The suite contains 308 benchmark specifications across 18 categories: creation, arithmetic, math, trig, gradient, linalg, reductions, manipulation, io, indexing, bitwise, sorting, logic, statistics, sets, random, polynomials, and fft. Each specification is tested across multiple dtypes (float64, float32, float16, int8-int64, uint8-uint64, complex64, complex128, bool) where applicable, producing ~2,400 individual benchmarks in a full run. Array sizes are configurable:
ScaleArray sizeMatrix size
Small100 elements32×32
Medium (default)1,000 elements100×100
Large10,000 elements1,000×1,000
All benchmark specifications are defined in benchmarks/src/specs.ts.

How timing works

Both sides use high-resolution timers: performance.now() in the JS runner and time.perf_counter() in the Python runner. The benchmark measures computation time only, from the JS side for numpy-ts and from the Python side for NumPy. This gives an apples-to-apples comparison of the numerical computation itself, without being skewed by JS↔Python interop overhead.

Auto-calibration

Each benchmark automatically calibrates how many operations to run per sample, targeting a minimum sample time of 100ms. This eliminates timer resolution noise: if an operation takes 0.001ms, the runner batches 100,000 of them into a single sample rather than measuring one at a time. The calibration uses exponential scaling (×10 → ×2 → exact) to converge quickly, with a cap of 10 calibration rounds.

Warmup

Before measurement, each benchmark runs a configurable number of warmup iterations to stabilize JIT compilation and ensure WASM modules are compiled:
ModeWarmup iterationsMin sample timeSamples
Quick350ms1
Standard10100ms5
Full20100ms5
The published benchmarks on this site use full mode.

Measurement

After warmup and calibration, the runner collects 5 independent samples. Each sample runs the calibrated number of operations and records the per-operation time. The suite reports:
  • Mean and median time per operation
  • Min and max across samples
  • Standard deviation
  • Ops/second (derived from mean time)
The speedup ratio shown on the benchmark pages is numpy-ts ops/s ÷ NumPy ops/s. A ratio above 1.0x means numpy-ts was faster.

Fairness

A few design decisions to keep the comparison honest:
  • Same operations, same data. Both sides run the same algorithm on the same array shapes and dtypes. The Python runner (numpy_benchmark.py) mirrors the JS specifications exactly.
  • Computation only. Timing happens on each side of the boundary. numpy-ts is timed from JS; NumPy is timed from Python. Neither side pays for cross-language overhead.
  • No cherry-picking. Every benchmark in the spec file runs. Categories where NumPy is faster (trig, math, indexing) are reported alongside categories where numpy-ts wins.
  • Geometric mean for ratios. Category and overall averages use the geometric mean, which is the correct method for averaging ratios.

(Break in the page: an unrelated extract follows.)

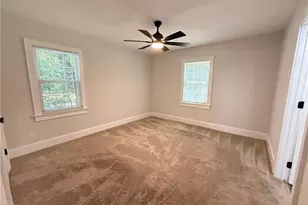 110 Kensington Cir, Fayetteville, NC 28301 - Photo 13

Running benchmarks yourself

# Standard run (~5-10 min)
npm run bench

# Full run with more warmup (~30-60 min, used for published results)
npm run bench:full

# Quick sanity check (~1-2 min)
npm run bench:quick

# Test different array sizes
npm run bench -- --size small
npm run bench -- --size large

# Compare across runtimes (Node, Deno, Bun)
npm run bench -- --runtimes
Results are saved to benchmarks/results/ as JSON files.

Caching

Benchmark results are cached for 24 hours, keyed by machine fingerprint. This prevents stale cross-comparisons when hardware or environment changes. Use --fresh to skip the cache and re-run Python benchmarks.